C. : Ce ne serait pas à la limite « eux » ? Avant, tu oscillais beaucoup entre comédie romantique et film noir. Serais-tu inclassable ?
J.Z. : Inclassable ? Non, mal défini, je pense (rires) ! J’aurais pu faire le con tout de suite avec mes trucs à moi, mais comme je me suis plus dispersé, du coup, c’est marrant, l’image d’acteur que je donne. Pour certaines personnes qui ne m’auraient vu que dans des films noirs comme De Battre mon cœur s’est arrêté ou Petites chéries, je passe pour quelqu’un d’odieux. Et dans certaines comédies romantiques, je suis un gars assez silencieux, distant et cool. Mais moi, dans la vie, je ne suis pas cool du tout (rires) ! En tout cas, j’ai la chance d’être vu par plein de gens différemment. Tant mieux peut-être… Je ne trouve pas que le métier d’acteur soit une manière de se définir, mais à la limite une manière de se disperser le plus possible.
C. : Cela fait 15 ans que tu es comédien. Quel souvenir as-tu de 1992 et de tes deux premiers films, Coupable d’Innocence et La Révolte des Enfants ?
J.Z. : Dans La Révolte des Enfants, j’ai pris une balle dans la gueule qui m’a fait brûler au troisième degré. Je suis resté un an à l’hôpital des grands brûlés avec un bandage. J’aurais pu jouer dans La Momie !

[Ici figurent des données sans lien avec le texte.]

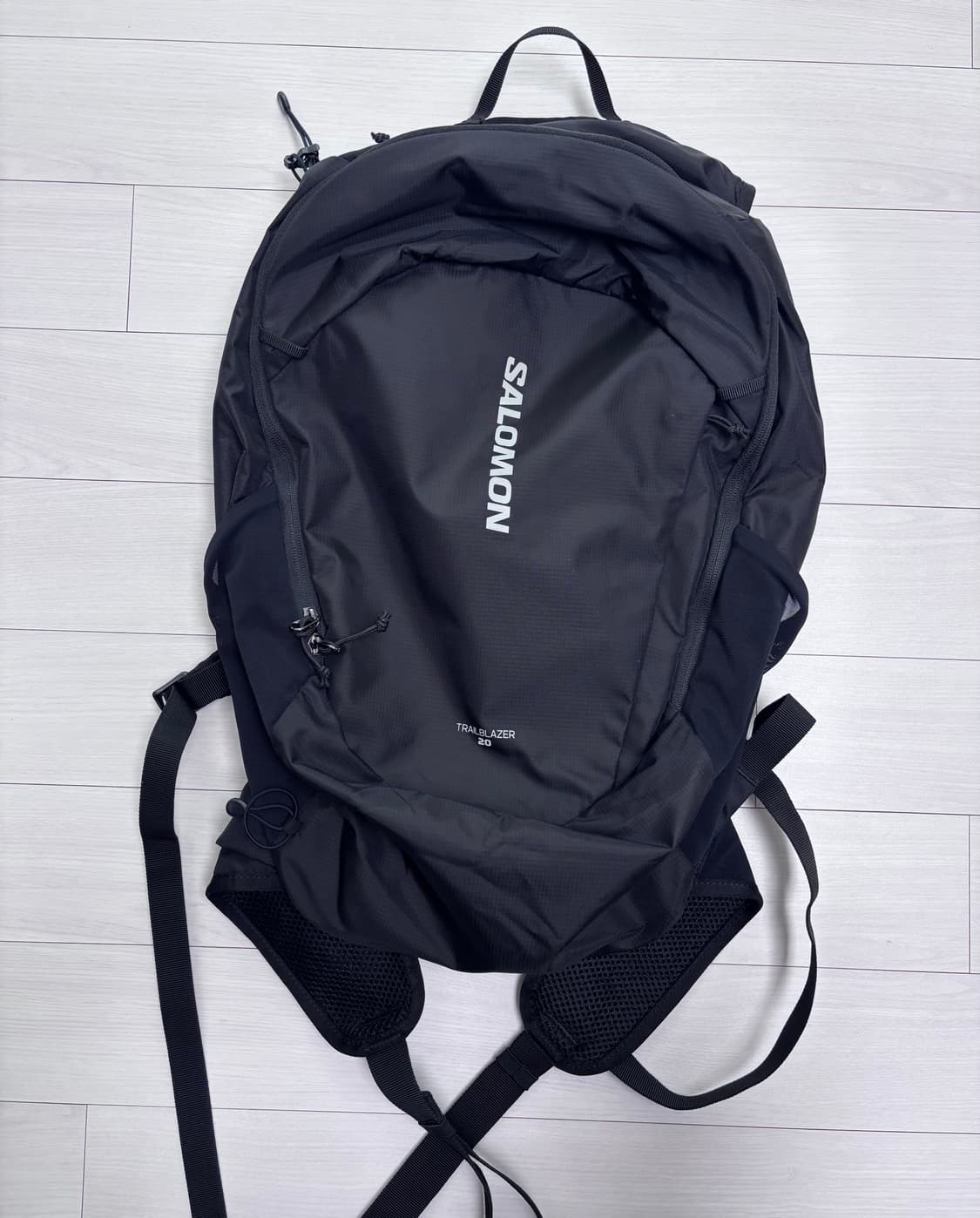 무료배송) 살로몬 트레일블레이저 20 블랙 백팩 상품이미지1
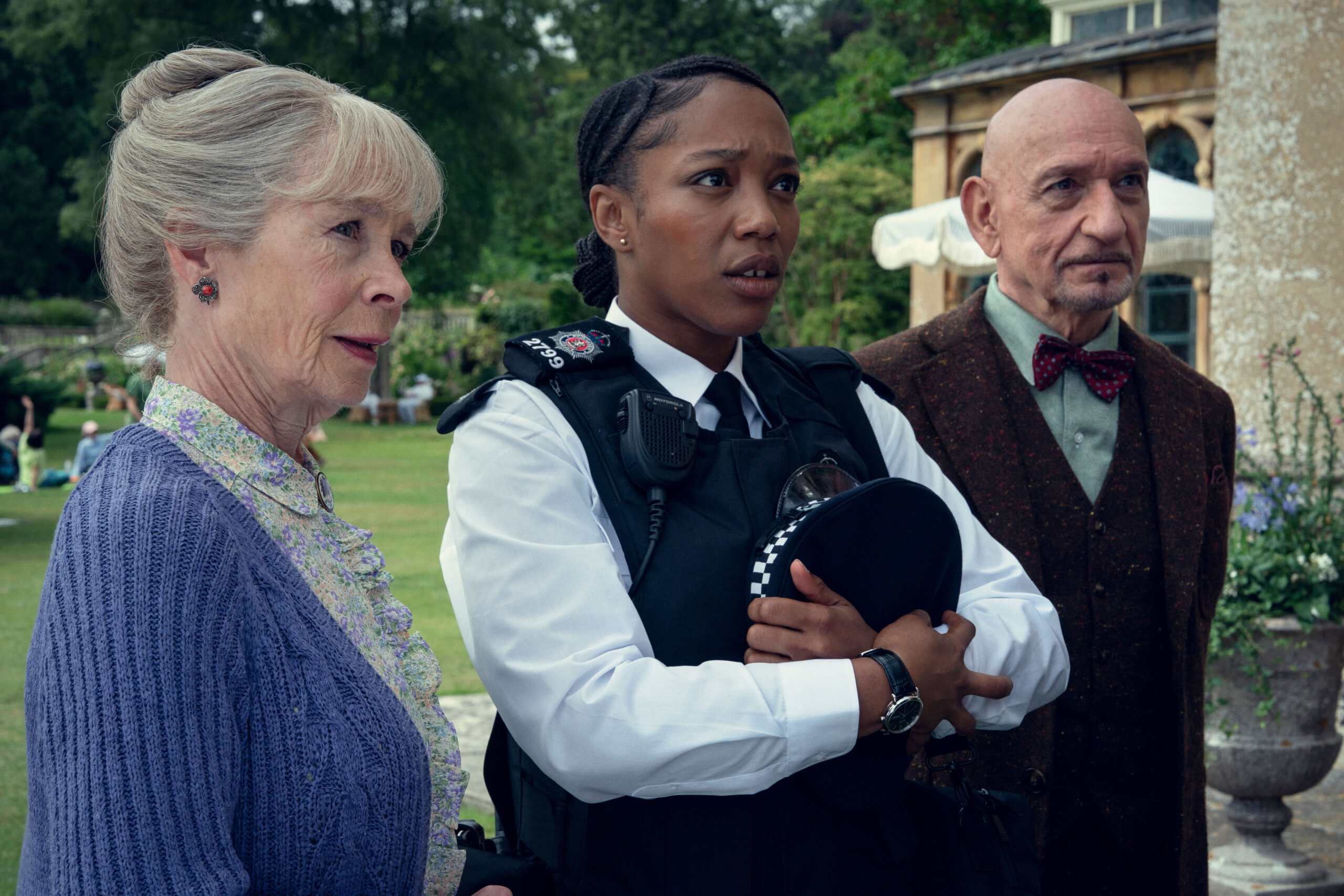 a still from the thursday murder club movie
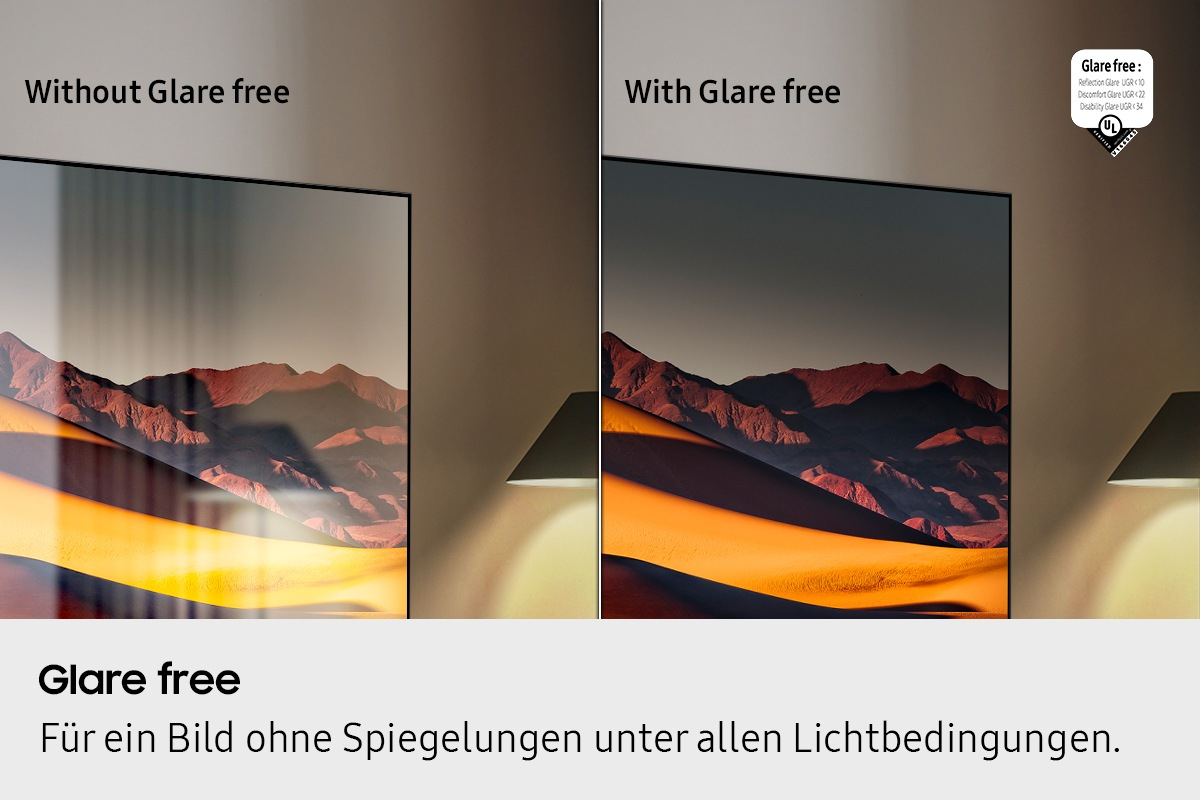 Samsung GQ65S95FATXZG 65" 4K OLED S95F Smart TV Schwarz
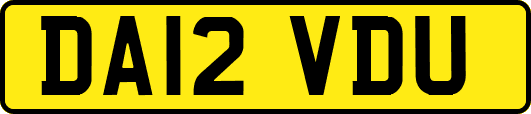 DA12VDU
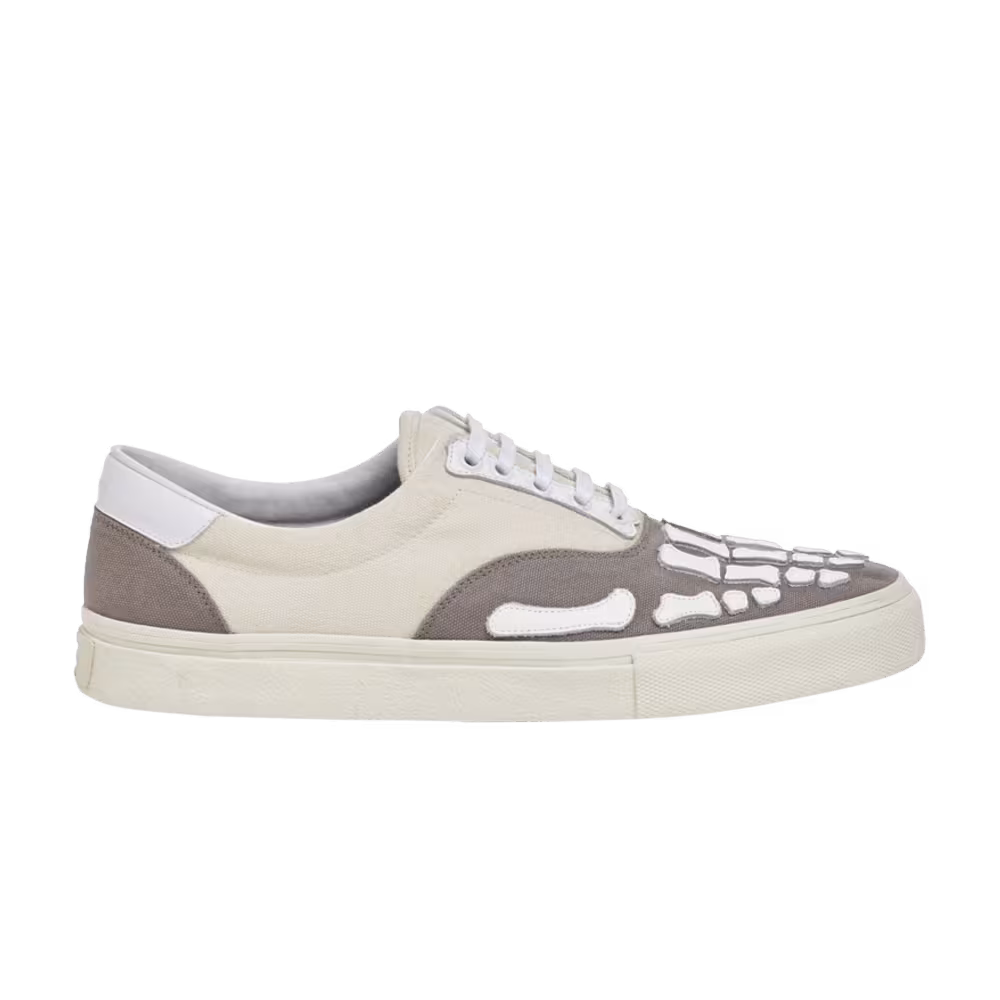 Amiri Lace-Up Skeleton Toes - Slate Grey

C. : Ou dans La Chambre des officiers avec Caravaca !
J.Z. : Oui, aussi !
C. : Tu aurais pu t’arrêter là…
J.Z. : « Tu aurais pu t’arrêter là » : fais gaffe à la manière dont tu le dis (rires) !
C. : …T’arrêter et écrire. Mais ce n’est pas arrivé, puisque tu as continué à jouer. Est-ce que le concept de surprise est resté intact de film en film ?
J.Z. : Toujours. C’est un métier rempli d’étonnements au niveau du dépaysement mental, cérébral et physique. À chaque fois, je suis surpris de me retrouver dans un rôle, dans une histoire et dans un univers imprévu. À présent, j’aimerais approfondir ce que j’avais envie de faire à la base : la comédie délirante.